Causeway controversy makes for few options
Nobody wants to see a big house on the First Causeway to Ram Island. Citizens and officials chiming in on the Zagoreos wetlands permit proceedings can pretty much agree on that. Most would also agree that if you lose your home in a fire, as the Zagoreoses did, and you can legally build a new, conforming one, you ought to be able to — certainly if it is no bigger than the original house.
As the Town Board mulls the Zagoreos wetlands demolition plan to make way for a proposed house outside wetlands jurisdiction, another question is hovering. Will the new house need Zoning Board approval or not?
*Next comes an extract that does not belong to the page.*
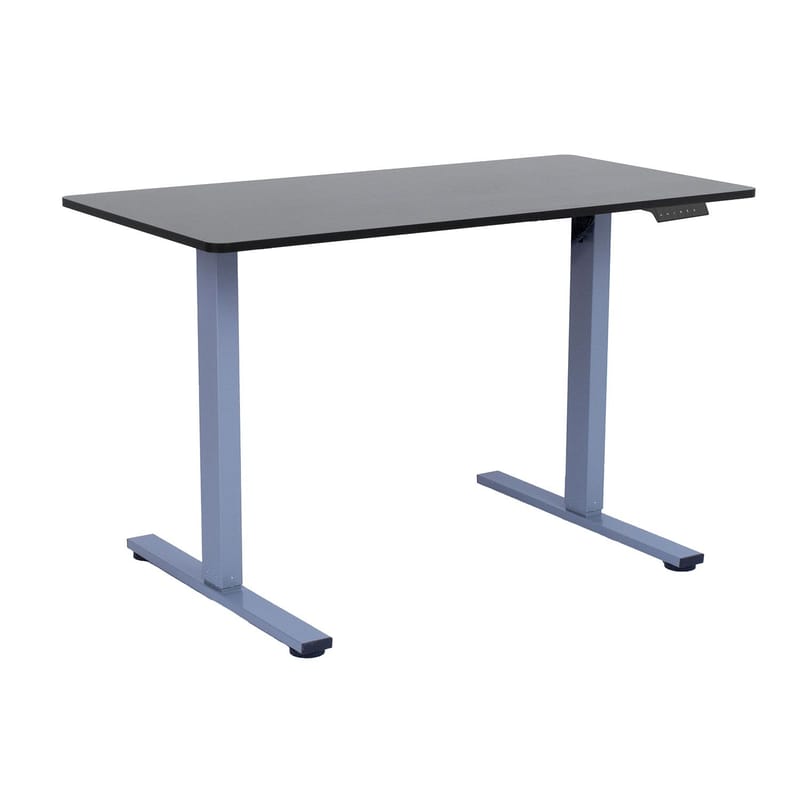 Skrivebord HOME4YOU Ergo Fit med 1 motor 120x60x71,5-116 cm Sort/sølvgrå, Sort/sølvgrå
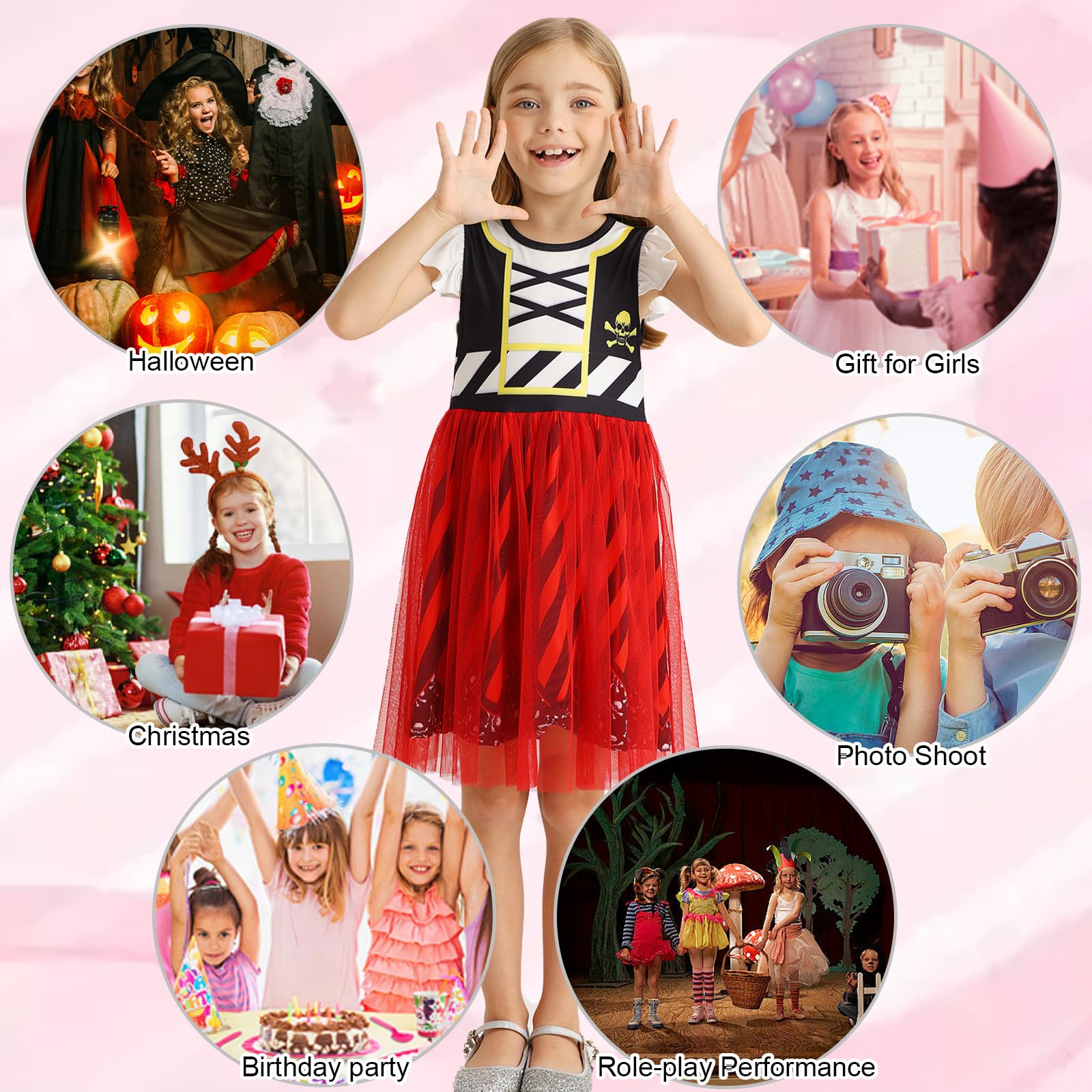 HenzWorld birthday party dress ideal for festive photos and celebrations.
If so, what authority does the Town Board have to link the demolition plan to a new house that will be vetted later by the Zoning Board?
With some residents calling for conservation of the causeway and others defending the rights of the home-owner to rebuild, the council is left in about as tight a spot as the Zagoreos house during a coastal flood.
This tricky situation was avoidable and reminds us of another Ram Island controversy, not so long ago.
A proposal to turn the Ram’s Head Inn into a rehab center emerged in early 2008 as the Town Board was looking to revamp the code to limit future uses of nonconforming businesses and put approval authority in the hands of the elected councilfolk instead of an appointed Zoning Board.
The board shelved the legislative effort to avoid the appearance of “forum shopping” during an ongoing controversy. Town Supervisor Jim Dougherty pledged to revisit the zoning code amendment “after the dust settles” on the Ram’s Head Inn proposal.
Once again, Town Board members are butting up against law that limits their ability to take action on a controversy, one that may be best decided by elected officials.
To the board members’ credit, they are trying to resolve recurring code issues through the ongoing Comprehensive Plan review process and by brainstorming with the Zoning Board, as they did Tuesday. But that doesn’t change the rules of engagement for this one wetlands application. Perhaps seeing “the whole causeway as the wetlands,” as Mr. Dougherty does, should be the law. But it isn’t on the books today.
The threat of causeway development is not new. Current and past town boards have had ample opportunity to encode greater environmental protections for these fragile strips of land. It just hasn’t happened.
If you don’t want to see houses on stilts rising above the causeway, change the code. If you don’t want a burned-out house to be rebuilt, buy the property. Like it or not, fairness dictates no other clear options.